You know how it has been for the Nets: they always have been on the wrong side of the Hudson or East River, the wrong side of a rivalry. In Game 4 against the Bulls on Saturday, they were on the wrong side of history, if you buy the concept that a triple-overtime game that lasted three minutes short of four hours and totaled 276 points is historic.
In any case, the Nets sure were on the wrong side of a 142-134 score, and are now on the wrong side of the series ledger that stands three games to one.
"It was a great basketball game. It was a killer, but we've got to focus on Monday," said interim coach P.J. Carlesimo, who quite possibly lost any chance of becoming the full-time coach with the way the Nets blew a 14-point lead with less than four minutes left in regulation.

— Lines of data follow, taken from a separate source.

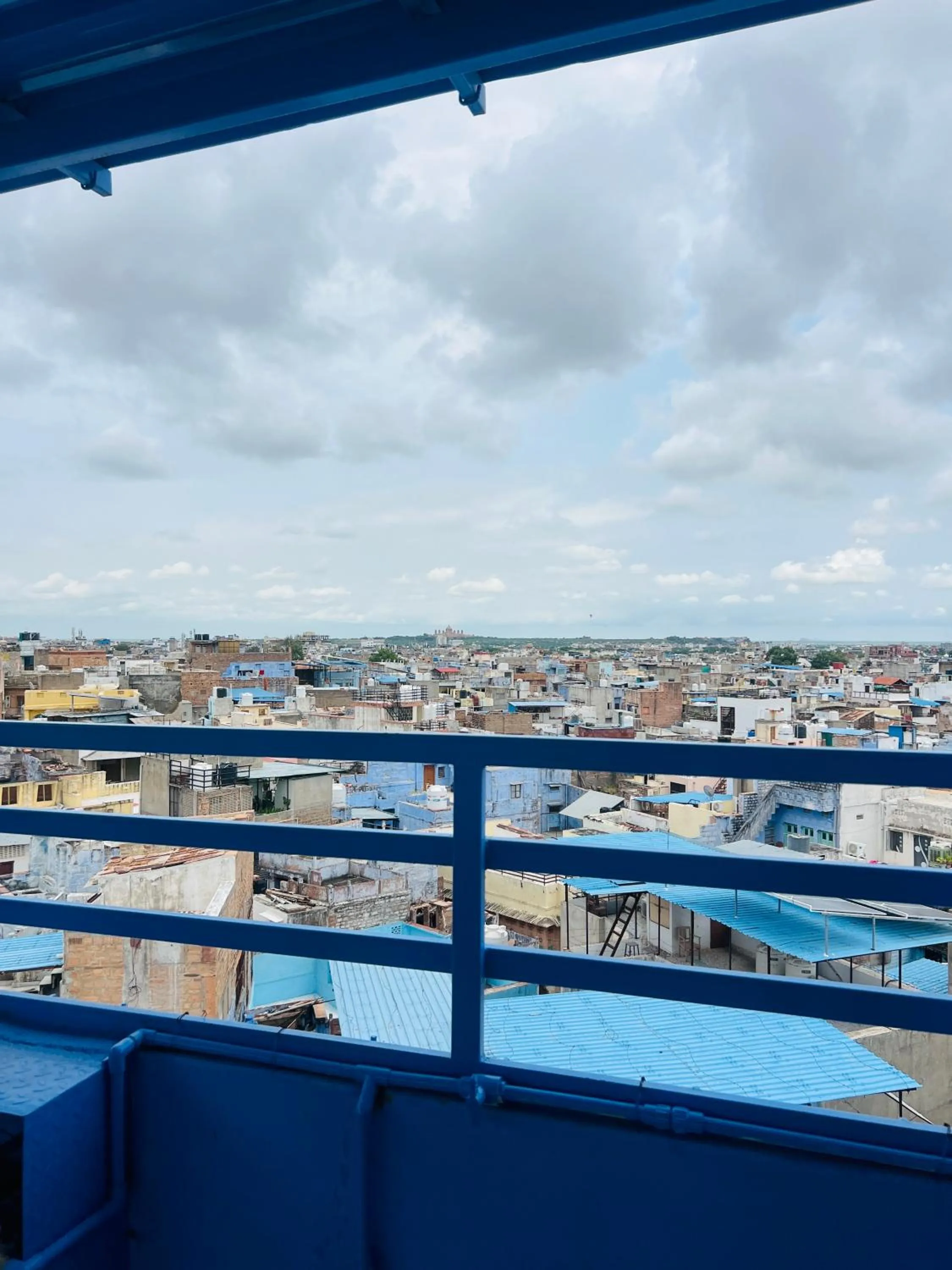 View (from property/room) in Juna Mahal Boutique Home Stay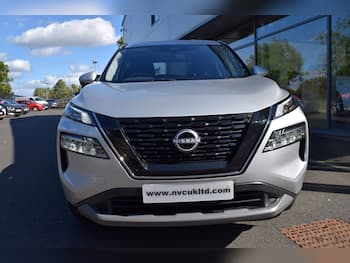 Used Nissan X-Trail 2025 for sale - 79841335: Photo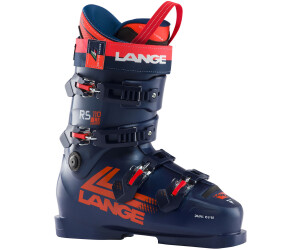 Lange Rs 110 Lv Alpine Ski Boots LBL1110 25.5 grau ab 274 95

Conventional wisdom has been saying that he needs a win in this series for a shot at getting the gig. That does not appear likely now.
Maybe it would have been more palatable if the Nets had played poorly, but they played a generally good game, and still they didn't have enough to close it. Without a biblical-caliber comeback in three games beginning Monday, their first season in Brooklyn will be remembered for Saturday.
"We still have a chance," said Joe Johnson, the one Net who proved super clutch, making a basket that tied the first overtime at the buzzer, and completing a three-point play that kept them alive with 1:13 to go in the second overtime.
But the chance faded in a big hurry. They looked like the same old star-crossed, snake-bitten, underachieving Nets who have bounced from home to home to home in the past 46 years. For a while, Saturday seemed different. They showed heart and guts, especially after Robinson tackled Watson.
"That's in his character, so it doesn't surprise me," Watson said.
But Robinson, the former Knick, has thick skin and an iron will, not unlike that of former Net John Williamson. Robinson scored 23 points in the fourth quarter, seeming unstoppable by Watson and then Deron Williams.
"I'm a fierce competitor," Robinson said. "I tease my teammates a lot. I tell them I think I'm on fire. I feel like that at times -- all the time, whenever I'm in a game. You've got to allow yourself to feel like you can't miss. You do that, and things change."
Jason Kidd used to be like that when he was a Net and led them to two NBA Finals in one of their brief brushes with success. You have to wonder what New York basketball would have looked like this year had the Nets signed Kidd to back up Williams. Maybe it was impossible salary cap-wise, but Kidd would have been great to tie the past and future. He would have helped strengthen the brand and establish that long-sought identity.
If nothing else, the Nets sure could have used a steady, encouraging head down the stretch Saturday. They needed somebody to make a big free throw, make a big defensive stop and make a layup instead of missing a dunk (Watson) as the dispirited home fans were streaming toward the exits. That somebody didn't have a Brooklyn uniform on.
The Nets still technically have a chance to win this series, if they have a miracle in them. If not, they will be known again for fizzle instead of fire.